Shapes of the Cosmological Low-Speed Collider

TL;DR

The paper introduces the cosmological low-speed collider signal, a new method to detect heavy particles during inflation through distinctive resonances in cosmological correlators, especially when the Goldstone boson has a reduced speed of sound.

Contribution

It develops a non-local effective field theory to describe the low-speed collider signal, enabling systematic analysis of massive field effects on cosmological correlators beyond traditional particle production signatures.

Findings

Identifies a new resonance in cosmological correlators indicating heavy particles.

Shows large non-Gaussianities with unique shapes can be generated.

Provides a template for future observational searches.

Abstract

Massive particles produced during inflation leave specific signatures in soft limits of correlation functions of primordial fluctuations. When the Goldstone boson of broken time translations acquires a reduced speed of sound, implying that de Sitter boosts are strongly broken, we introduce a novel discovery channel to detect new physics during inflation, called the cosmological low-speed collider signal. This signal is characterised by a distinctive resonance lying in mildly-soft kinematic configurations of cosmological correlators, indicating the presence of a heavy particle, whose position enables to reconstruct its mass. We show that this resonance can be understood in terms of a non-local single field effective field theory, in which the heavy field becomes effectively non-dynamical.
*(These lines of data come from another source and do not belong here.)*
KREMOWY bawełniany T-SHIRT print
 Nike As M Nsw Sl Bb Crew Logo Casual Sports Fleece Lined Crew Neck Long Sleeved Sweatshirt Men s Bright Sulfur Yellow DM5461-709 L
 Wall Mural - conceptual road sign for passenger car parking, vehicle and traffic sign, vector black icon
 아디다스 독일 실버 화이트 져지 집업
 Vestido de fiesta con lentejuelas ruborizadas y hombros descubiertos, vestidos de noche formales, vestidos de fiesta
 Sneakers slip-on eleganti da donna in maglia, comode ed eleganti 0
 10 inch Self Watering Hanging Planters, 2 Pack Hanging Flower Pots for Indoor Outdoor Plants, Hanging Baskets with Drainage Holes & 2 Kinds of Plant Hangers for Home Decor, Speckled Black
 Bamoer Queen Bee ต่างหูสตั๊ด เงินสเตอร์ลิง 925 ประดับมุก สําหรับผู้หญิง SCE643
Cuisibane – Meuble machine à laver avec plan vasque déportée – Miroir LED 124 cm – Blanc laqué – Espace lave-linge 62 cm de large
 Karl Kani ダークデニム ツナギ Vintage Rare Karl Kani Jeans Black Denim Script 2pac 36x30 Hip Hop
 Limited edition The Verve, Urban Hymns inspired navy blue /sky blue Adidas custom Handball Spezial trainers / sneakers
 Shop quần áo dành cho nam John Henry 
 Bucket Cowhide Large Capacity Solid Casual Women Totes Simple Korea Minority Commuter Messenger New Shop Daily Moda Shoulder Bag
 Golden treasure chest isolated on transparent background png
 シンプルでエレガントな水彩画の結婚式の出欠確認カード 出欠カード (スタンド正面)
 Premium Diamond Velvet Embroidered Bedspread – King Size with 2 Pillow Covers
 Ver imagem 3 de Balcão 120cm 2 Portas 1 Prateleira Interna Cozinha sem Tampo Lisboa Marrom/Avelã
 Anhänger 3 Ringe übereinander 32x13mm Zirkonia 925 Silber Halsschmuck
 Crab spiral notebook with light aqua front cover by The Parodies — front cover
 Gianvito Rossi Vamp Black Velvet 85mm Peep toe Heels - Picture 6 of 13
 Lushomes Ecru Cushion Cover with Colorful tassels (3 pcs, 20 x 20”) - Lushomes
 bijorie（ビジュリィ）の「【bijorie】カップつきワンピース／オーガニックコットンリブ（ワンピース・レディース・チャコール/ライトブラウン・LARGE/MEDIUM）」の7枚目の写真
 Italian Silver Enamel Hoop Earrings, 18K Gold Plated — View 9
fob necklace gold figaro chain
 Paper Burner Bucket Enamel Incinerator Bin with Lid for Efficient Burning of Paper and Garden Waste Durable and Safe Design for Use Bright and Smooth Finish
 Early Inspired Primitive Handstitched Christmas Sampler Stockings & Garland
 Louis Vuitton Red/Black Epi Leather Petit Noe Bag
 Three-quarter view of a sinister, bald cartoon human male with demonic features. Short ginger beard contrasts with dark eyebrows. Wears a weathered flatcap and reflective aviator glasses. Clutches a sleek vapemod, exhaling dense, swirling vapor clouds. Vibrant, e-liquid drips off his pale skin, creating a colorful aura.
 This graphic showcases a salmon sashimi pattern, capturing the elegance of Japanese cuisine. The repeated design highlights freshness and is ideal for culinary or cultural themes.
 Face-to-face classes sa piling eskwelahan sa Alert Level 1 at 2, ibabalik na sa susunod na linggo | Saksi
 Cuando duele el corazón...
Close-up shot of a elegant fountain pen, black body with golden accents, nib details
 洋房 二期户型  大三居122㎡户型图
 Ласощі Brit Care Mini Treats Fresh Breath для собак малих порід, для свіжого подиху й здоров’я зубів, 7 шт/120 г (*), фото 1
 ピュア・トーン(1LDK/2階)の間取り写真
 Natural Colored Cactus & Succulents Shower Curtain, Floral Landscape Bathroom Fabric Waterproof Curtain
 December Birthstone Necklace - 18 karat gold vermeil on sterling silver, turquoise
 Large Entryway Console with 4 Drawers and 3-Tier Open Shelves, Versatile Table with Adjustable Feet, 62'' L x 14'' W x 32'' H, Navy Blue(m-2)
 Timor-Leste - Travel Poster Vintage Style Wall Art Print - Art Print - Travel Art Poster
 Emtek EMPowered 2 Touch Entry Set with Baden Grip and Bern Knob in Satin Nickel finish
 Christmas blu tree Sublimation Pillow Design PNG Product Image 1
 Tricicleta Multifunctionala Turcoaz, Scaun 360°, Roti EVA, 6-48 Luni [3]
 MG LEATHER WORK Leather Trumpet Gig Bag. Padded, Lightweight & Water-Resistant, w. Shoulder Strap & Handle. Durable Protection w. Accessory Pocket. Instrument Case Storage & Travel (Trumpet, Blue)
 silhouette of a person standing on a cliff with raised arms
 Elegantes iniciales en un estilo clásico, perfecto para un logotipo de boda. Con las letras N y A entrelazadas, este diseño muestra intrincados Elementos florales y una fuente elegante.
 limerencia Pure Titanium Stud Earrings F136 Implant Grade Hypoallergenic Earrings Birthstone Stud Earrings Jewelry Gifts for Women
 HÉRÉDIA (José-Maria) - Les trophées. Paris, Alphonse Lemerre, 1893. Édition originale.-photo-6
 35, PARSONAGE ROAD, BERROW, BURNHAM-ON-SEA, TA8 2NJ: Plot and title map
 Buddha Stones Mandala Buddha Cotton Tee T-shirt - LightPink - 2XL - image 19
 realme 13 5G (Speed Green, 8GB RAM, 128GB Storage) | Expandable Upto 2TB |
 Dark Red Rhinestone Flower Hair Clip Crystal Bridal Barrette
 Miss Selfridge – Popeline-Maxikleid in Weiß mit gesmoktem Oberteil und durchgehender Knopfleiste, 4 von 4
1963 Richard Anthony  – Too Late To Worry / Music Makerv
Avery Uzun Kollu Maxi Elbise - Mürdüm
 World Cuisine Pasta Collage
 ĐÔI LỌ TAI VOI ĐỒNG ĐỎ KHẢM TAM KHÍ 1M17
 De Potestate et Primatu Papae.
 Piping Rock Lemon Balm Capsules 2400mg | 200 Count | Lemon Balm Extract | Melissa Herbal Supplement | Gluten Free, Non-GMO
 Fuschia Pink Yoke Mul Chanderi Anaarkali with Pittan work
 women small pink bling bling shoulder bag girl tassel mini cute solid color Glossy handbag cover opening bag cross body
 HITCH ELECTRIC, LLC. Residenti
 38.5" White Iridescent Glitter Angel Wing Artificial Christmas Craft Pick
This theory accurately describes the full dynamics of the Goldstone boson and captures all multi-field physical effects distinct from the non-perturbative particle production leading to the conventional cosmological collider signal. As such, this theory provides a systematic and tractable way to study the imprint of massive fields on cosmological correlators. We conduct a thorough study of the low-speed collider phenomenology in the scalar bispectrum, showing that large non-Gaussianities with new shapes can be generated, in particular beyond weak mixing. We also provide a low-speed collider template for future cosmological surveys.